Veel voorschriften maken het veelal niet veiliger. Soms worden die voorschriften gezien als irriterende bureaucratie en leveren zij juist een averechts effect op.
Een voorbeeld
De arbowetgeving vraagt om een beoordeling van de aard, mate en duur van de blootstelling aan gevaarlijke stoffen (Arbobesluit). Deze bepaling wordt in de praktijk vaak ingevuld door ook daadwerkelijk het blootstellingniveau te bepalen. Hiervoor wordt dan gebruik gemaakt van geschikte genormaliseerde meetmethodes of erkende schattingsmethodes. Voor werksituaties waarin met zeer veel verschillende stoffen wordt gewerkt is dat een hele klus. Denk daarbij aan laboratoria (en bepaalde productiebedrijven) waar honderden verschillende stoffen aanwezig zijn.

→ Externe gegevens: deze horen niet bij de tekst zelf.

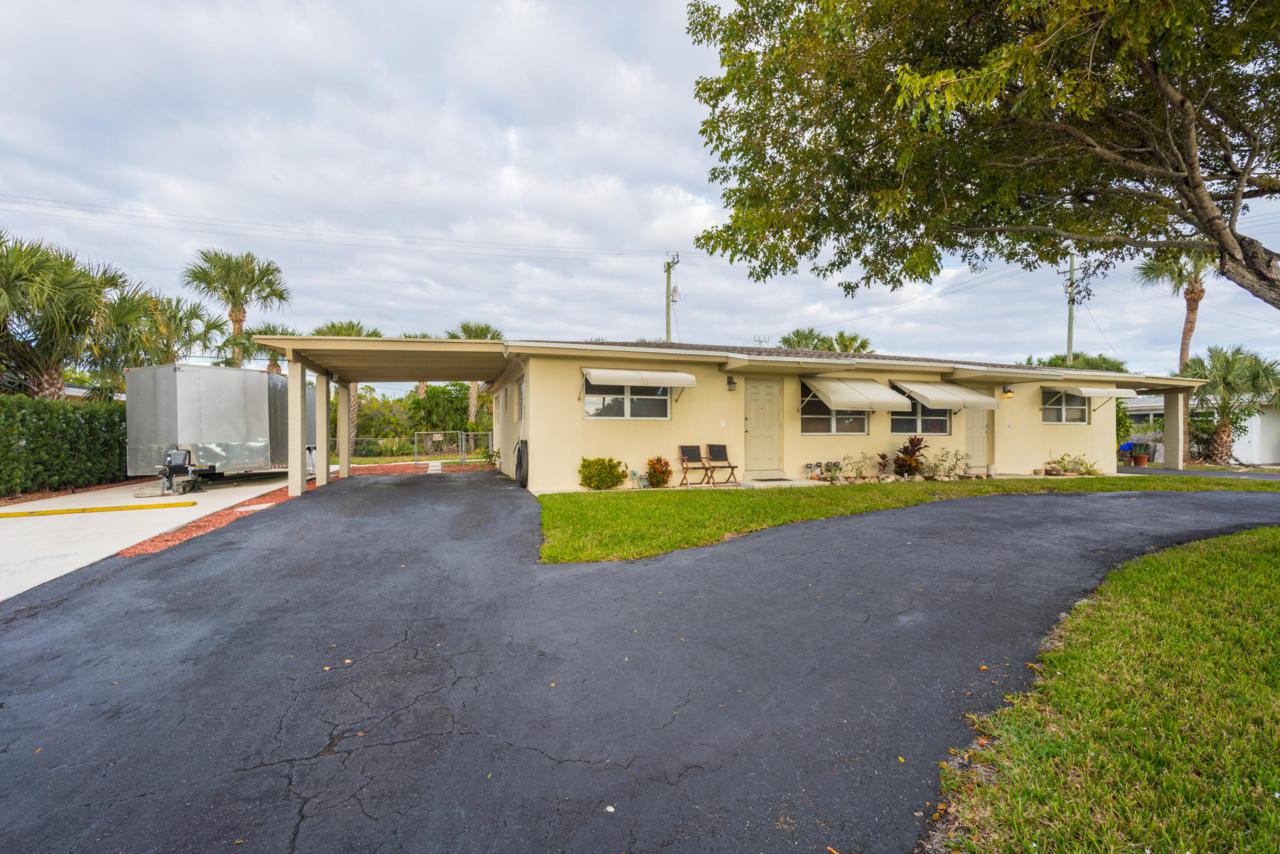 600 Holly Drive - Photo 1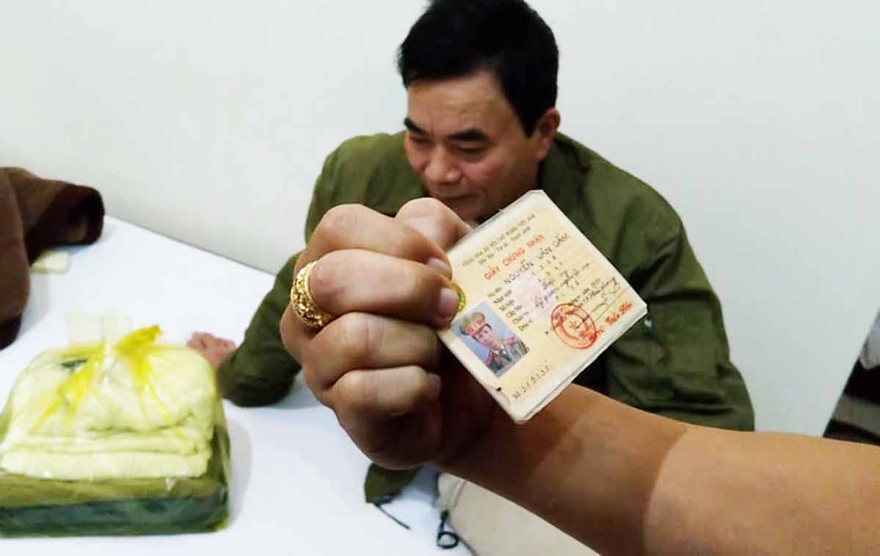 Nguyễn Văn Hòa và tấm thẻ giả mang hàm thiếu tướng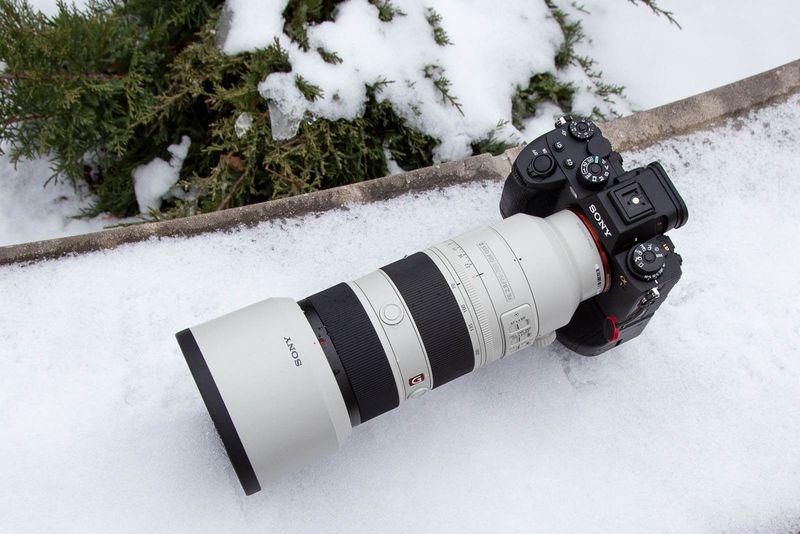 Sony FE 70–200mm F2.8 GM OSS II – Lightweight Telephoto for Snowy Action (Sony E)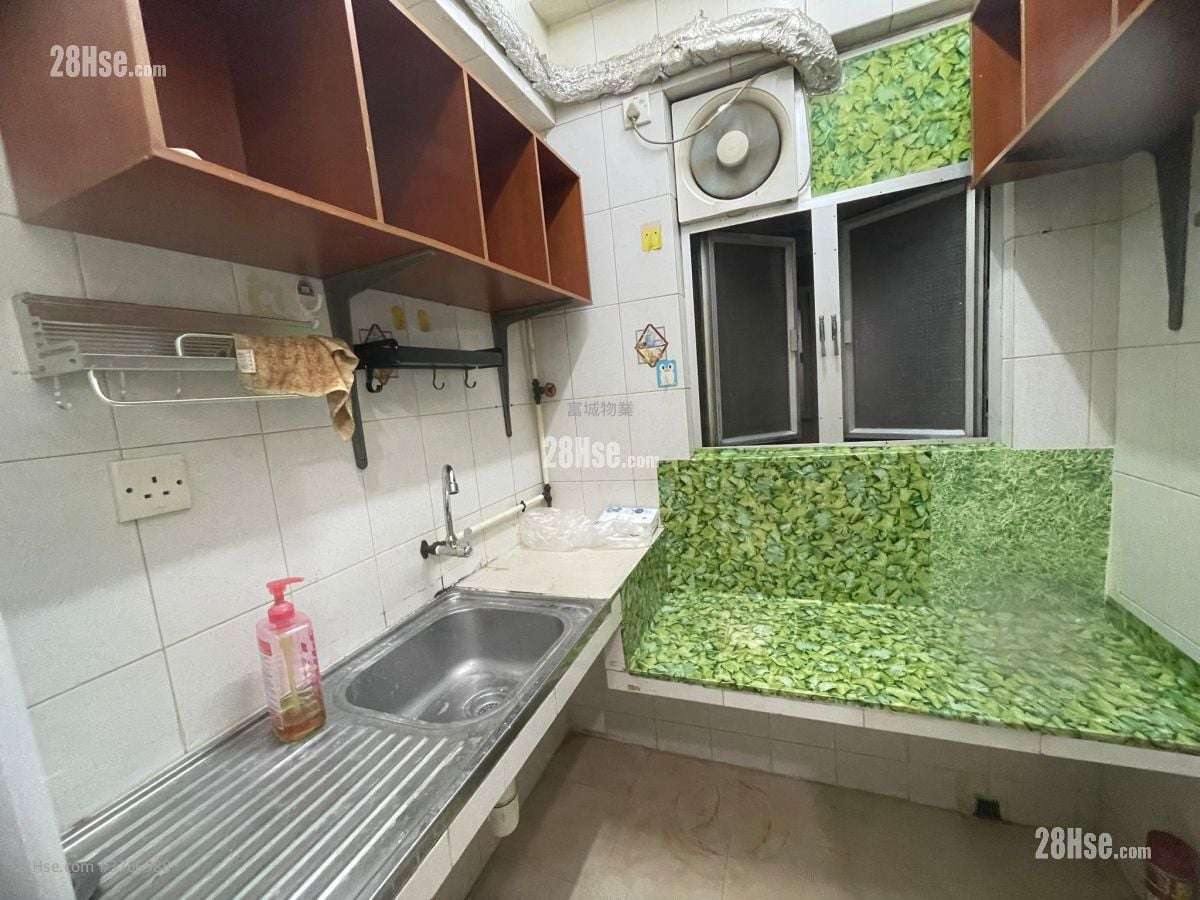 South Eastern House Rental 2 Bedrooms , 1 Bathroom 353 ft²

Uit die metingen of schattingen ontlenen we vervolgens het gevoel dat het goed zit, terwijl dat vaak niet het geval is. In metingen en in schattingen zit namelijk een zeer grote onnauwkeurigheid. Bij de schattingsmodellen soms wel tot een factor 100.
Je moet je het volgende daarbij voorstellen. Je rijdt binnen de bebouwde kom netjes 45 km/uur en wordt door de politie aangehouden. Hoe hard rijdt u? U zou dan naar eer en geweten kunnen antwoorden: 45 km/uur, maar gelet op de onnauwkeurigheid in de meter zou het ook ca 5 km/uur of 450 km/uur kunnen zijn. Met zo’n spreiding kun je niet veel.
Bovendien wordt bij de grenswaarden waarmee we de resultaten vergelijken geen rekening gehouden met synergie: veel stoffen versterken elkaar in hun negatieve werking op het lichaam.
De vraag is bovendien om in bepaalde situaties dat meten wel zinvol is. Laboratoria zijn plaatsen bij uitstek waar zeer goede beschermende voorzieningen aanwezig zijn. Wanneer deze goed werken en hun goede werking door frequente controle geborgd is, is de blootstelling al tot zeer lage niveaus teruggebracht. Een voorbeeld van zo’n voorziening is de zuurkast. Met goed werkende zuurkasten waarin al het werk met de gevaarlijke stoffen plaatsvindt, heeft het per stof beoordelen van een mogelijke blootstelling geen toegevoegde waarde: er kunnen immers geen stoffen uit de zuurkast treden de werkruimte in. Wel moet, zoals gesteld de zuurkast goed werken, moet die goede werking geborgd en moeten de medewerkers op een juiste wijze met die zuurkast werken, maar dat spreekt voor zich.
De microbiële wereld
In de microbiële wereld wordt ook niet voor elk soort micro-organisme apart de blootstelling vastgesteld. Wanneer met gevaarscategorie 2 of 3 micro-organismen wordt gewerkt, mag ervan uit gegaan worden dat de biohazard kast (IIa of IIb) daarvoor voldoende protectie biedt. Binnen zo’n gevaarsklasse verder differentiëren en aan de buitenzijde van de kast per micro-organisme gaan meten of schatten hoe groot de blootstelling is, heeft dan geen toegevoegde waarde en wordt dan ook niet gedaan.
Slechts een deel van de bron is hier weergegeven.